In all aspects of life, from running a nonprofit organization, a government body, or a traditional business, there are three types of leaders:

The absolutely certain (and inflexible) leader, like the captain of the Titanic. They can appear bullheaded (and inspiring sometimes) as they steer towards a goal, full speed ahead, and damn the icebergs. They may arrive at their destination safely, but often they sink.

The certain and flexible leaders are quietly confident and steady. They adjust their organization to the conditions surrounding them while keeping the ultimate goal in mind. They often arrive safely and are celebrated for their wisdom and courage. They rarely fail.

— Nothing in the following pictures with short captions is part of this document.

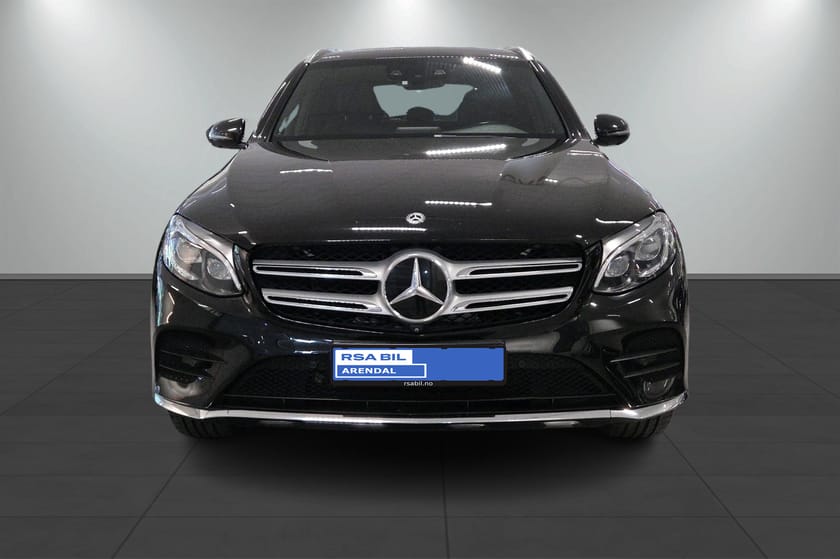 Bilde 2 av Mercedes-Benz GLC 350 e 4MATIC AMG | | PHEV | PREMIUM SUV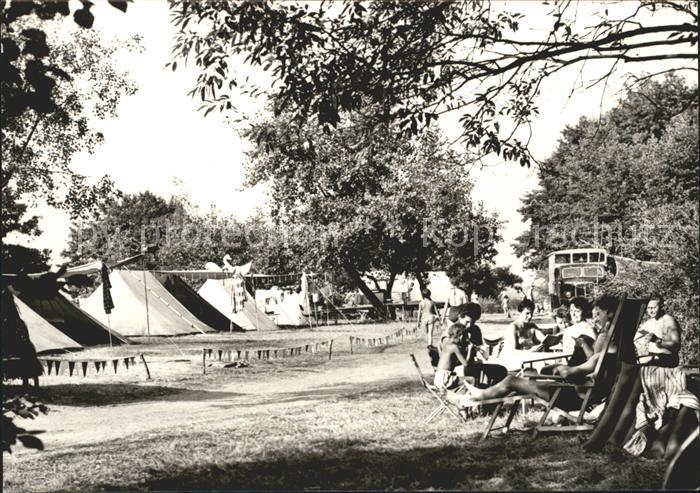 Zaue Camping am Schwielochsee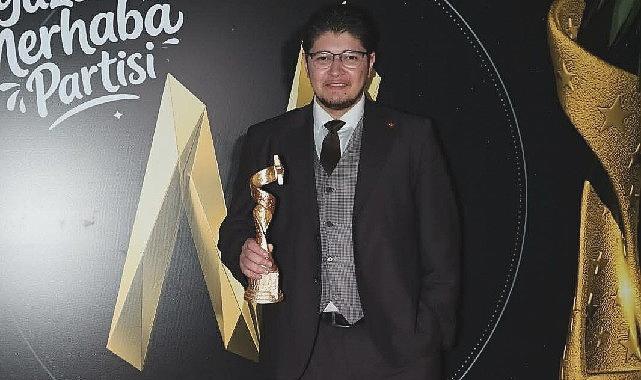 Avukat Onur Yağışana Yeni Bir Ödül Verildi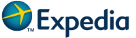 Expedia logo PNG 136x38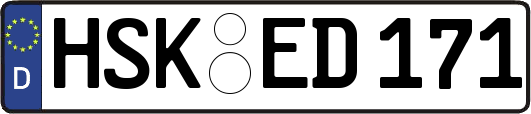 HSK-ED171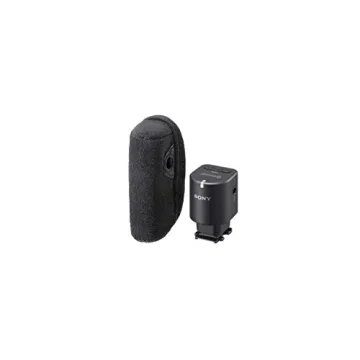 Sony ECM-W1M Bluetooth Microphone for HandyCam Camcorder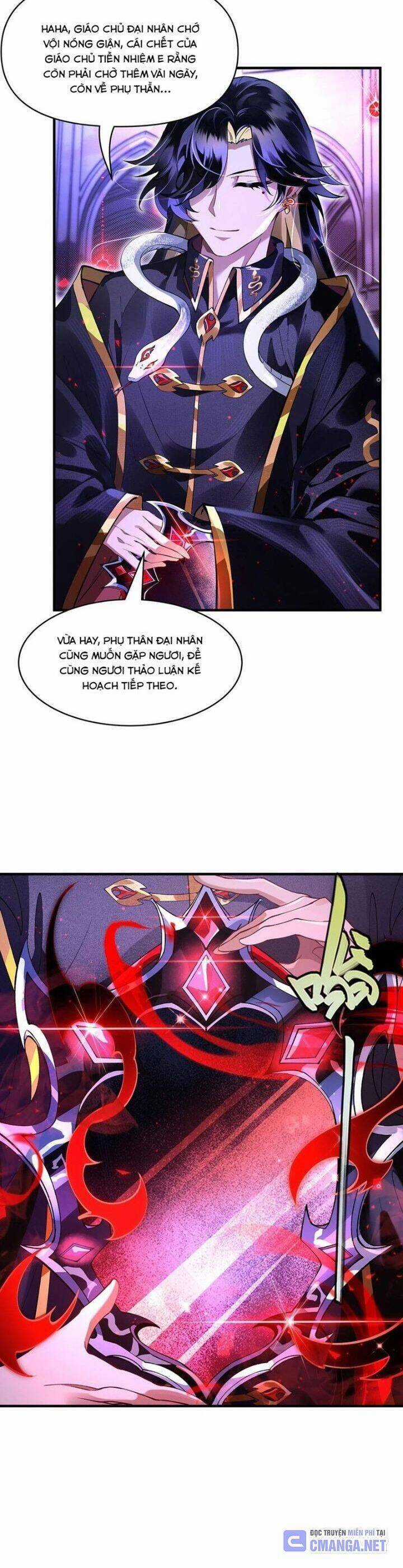 Các Nữ Đồ Đệ Của Ta Đều Là Chư Thiên Đại Lão Tương Lai Chương 307 trang 25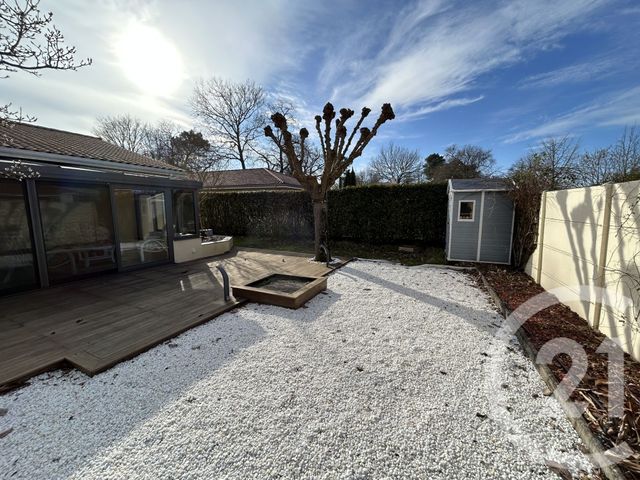 maison à vendre - 7 pièces - 156.5 m2 - AUDENGE - 33 - AQUITAINE - Century 21 Duprat & Associés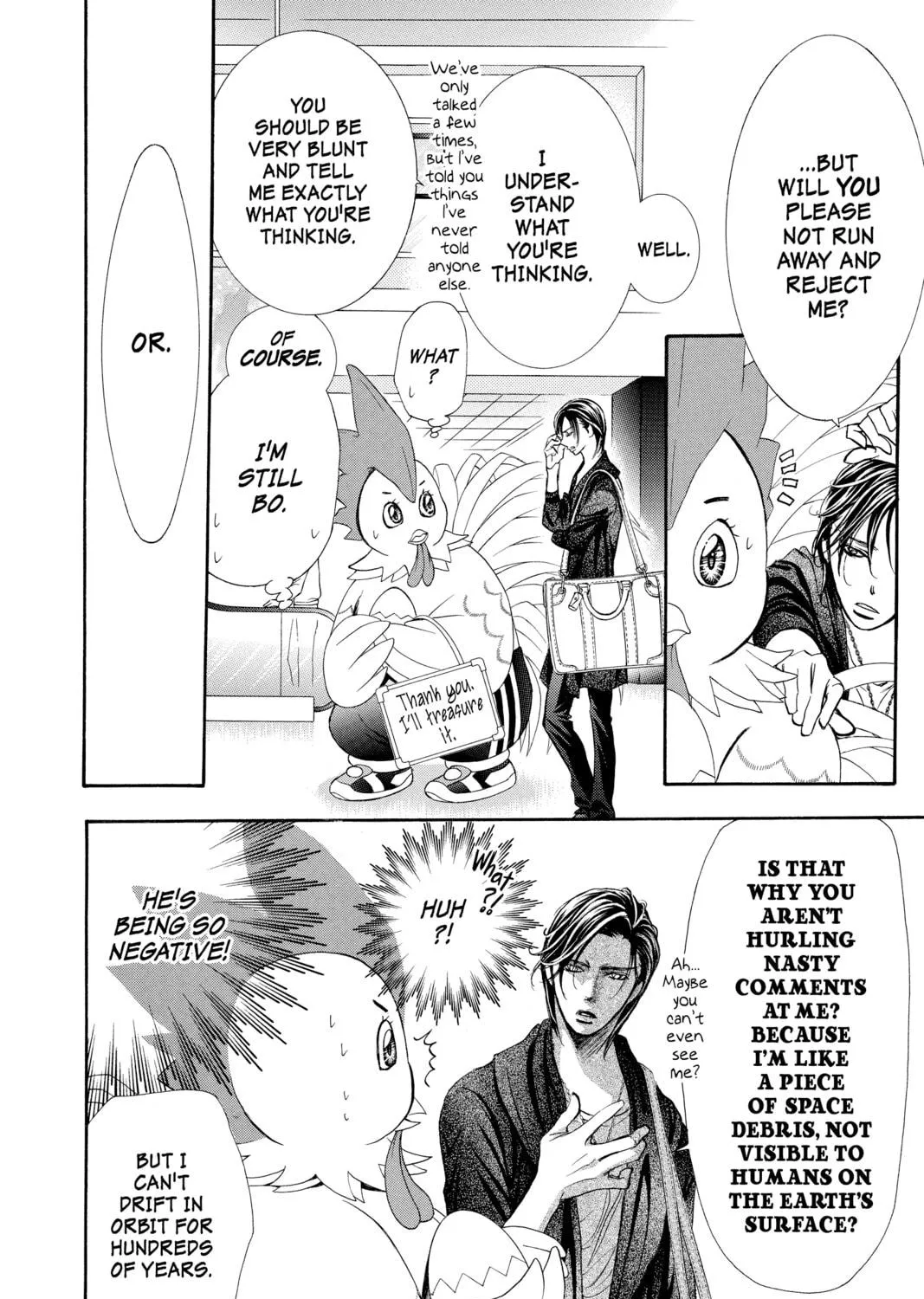 Read Skip Beat! chapter 274 image 18 on Lezhin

Too many leaders of organizations enter the iceberg-filled waters with no clear destination in mind. Uncertain where they want to end up, they speed up, slow down, or change course for no apparent reason--at least to those around them. They bounce from one iceberg to the next, rarely hitting hard enough to make a fatal mistake, but sustaining cumulative damage from each hit. When they fail, there is nothing spectacular about it. On the rare chance they succeed, there are no accolades.

There are many icebergs in the course of every organization. The unexpected loss of a key employee(s) or customer. Cash flow problems. Market changes. Pandemics. Environmental degradation. Political changes.

Let’s look for and support leaders who are certain of their mission but flexible enough to miss the icebergs.